_TRY IT_
Leave out all pictures and retype exactly the lines from the one with "Brand New 4BHK" through the last line of the material.

_MATERIALS PROVIDED_
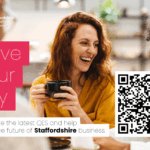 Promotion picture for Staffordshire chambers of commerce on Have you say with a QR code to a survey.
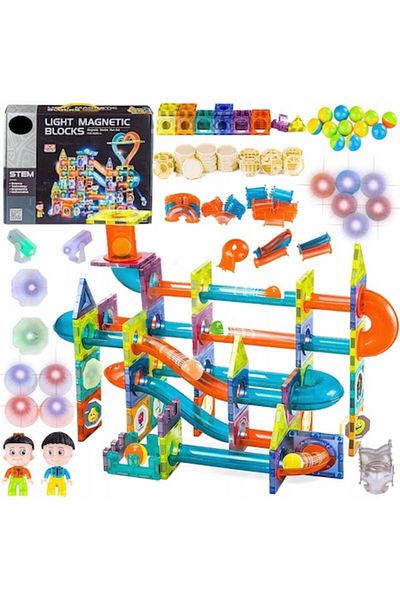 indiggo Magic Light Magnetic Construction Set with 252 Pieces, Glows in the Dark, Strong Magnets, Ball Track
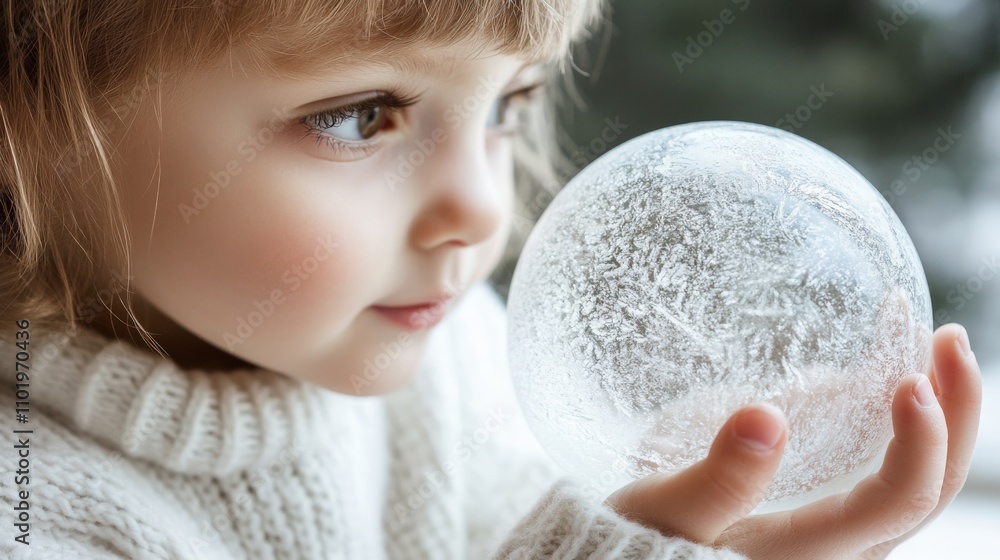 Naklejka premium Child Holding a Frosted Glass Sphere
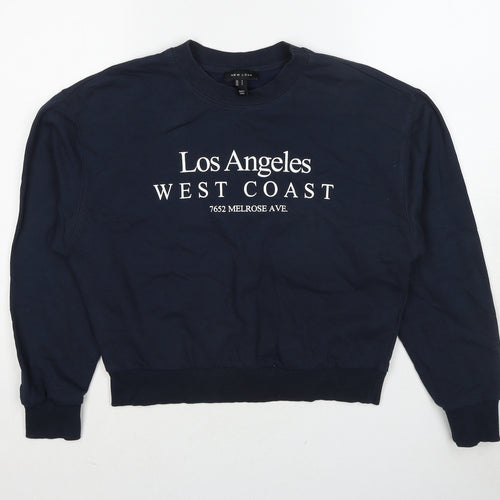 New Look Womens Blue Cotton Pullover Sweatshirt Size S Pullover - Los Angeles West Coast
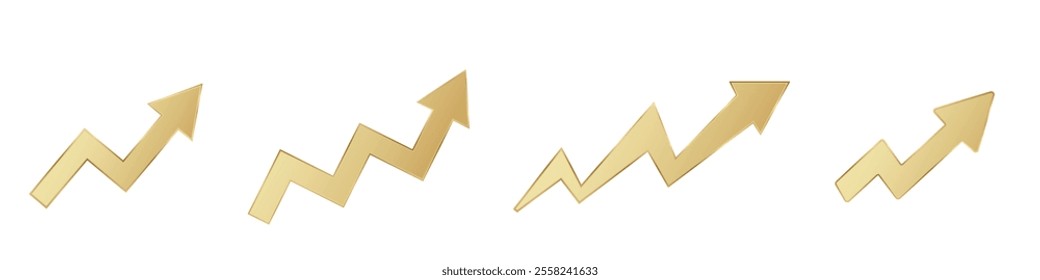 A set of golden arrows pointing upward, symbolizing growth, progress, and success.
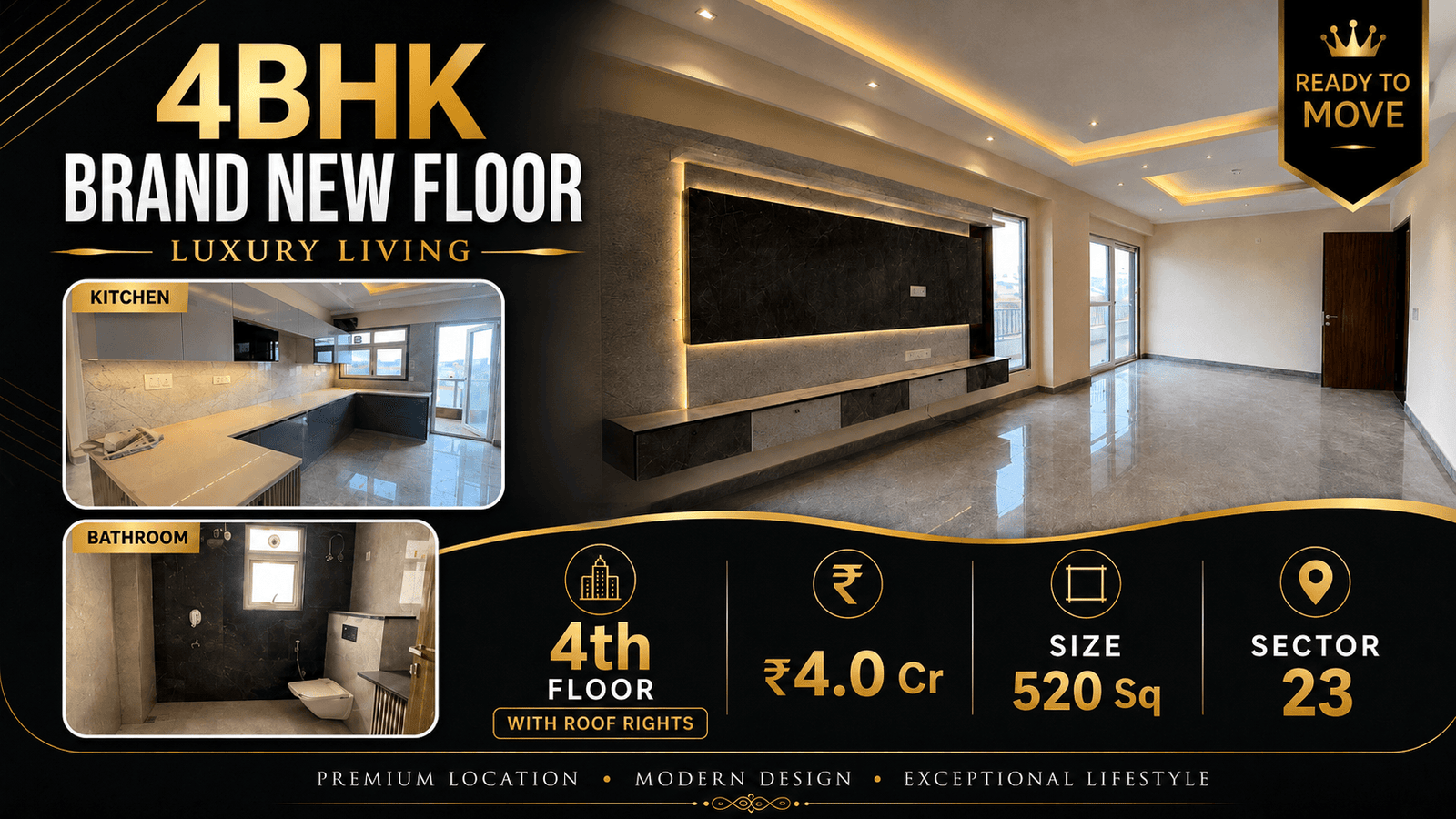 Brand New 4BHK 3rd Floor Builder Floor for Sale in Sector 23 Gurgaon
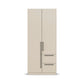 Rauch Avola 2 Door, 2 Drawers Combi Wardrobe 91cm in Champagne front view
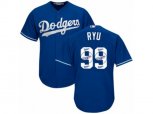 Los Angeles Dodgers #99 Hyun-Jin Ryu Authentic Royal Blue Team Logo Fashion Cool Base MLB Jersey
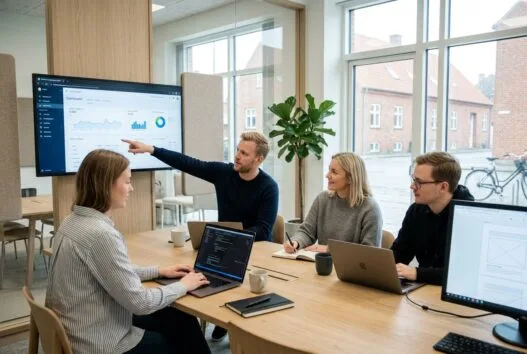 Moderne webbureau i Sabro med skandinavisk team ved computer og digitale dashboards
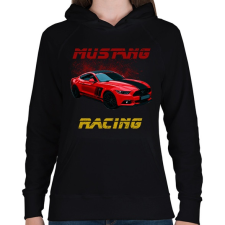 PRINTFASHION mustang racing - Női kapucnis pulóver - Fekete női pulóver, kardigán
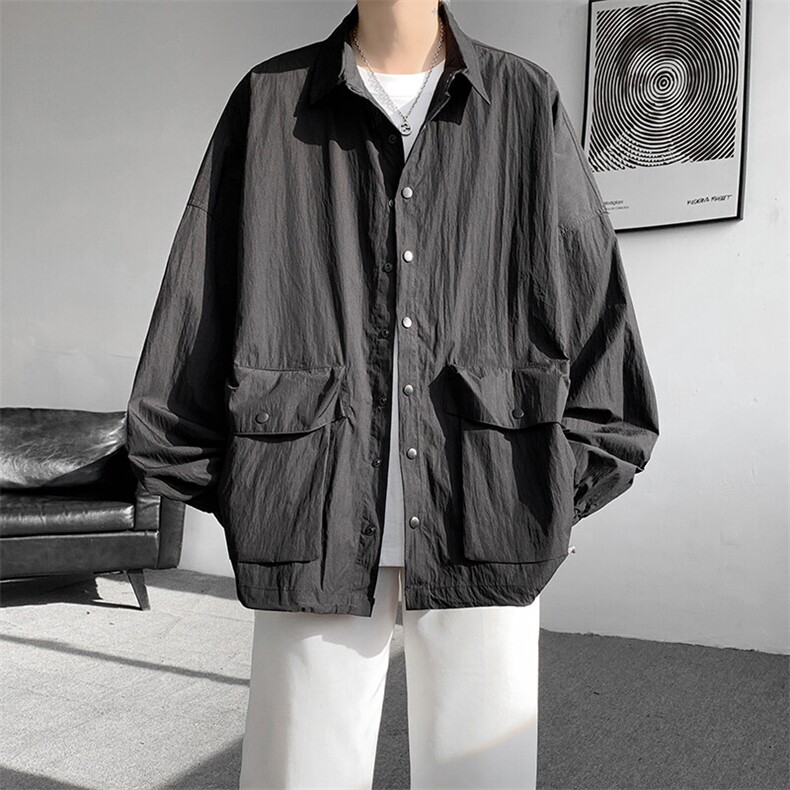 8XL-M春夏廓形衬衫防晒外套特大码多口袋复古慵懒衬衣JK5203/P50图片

_RESULT BELOW_
 Brand New 4BHK 3rd Floor Builder Floor for Sale in Sector 23 Gurgaon
 Rauch Avola 2 Door, 2 Drawers Combi Wardrobe 91cm in Champagne front view
 Los Angeles Dodgers #99 Hyun-Jin Ryu Authentic Royal Blue Team Logo Fashion Cool Base MLB Jersey
 Moderne webbureau i Sabro med skandinavisk team ved computer og digitale dashboards
 PRINTFASHION mustang racing - Női kapucnis pulóver - Fekete női pulóver, kardigán
 8XL-M春夏廓形衬衫防晒外套特大码多口袋复古慵懒衬衣JK5203/P50图片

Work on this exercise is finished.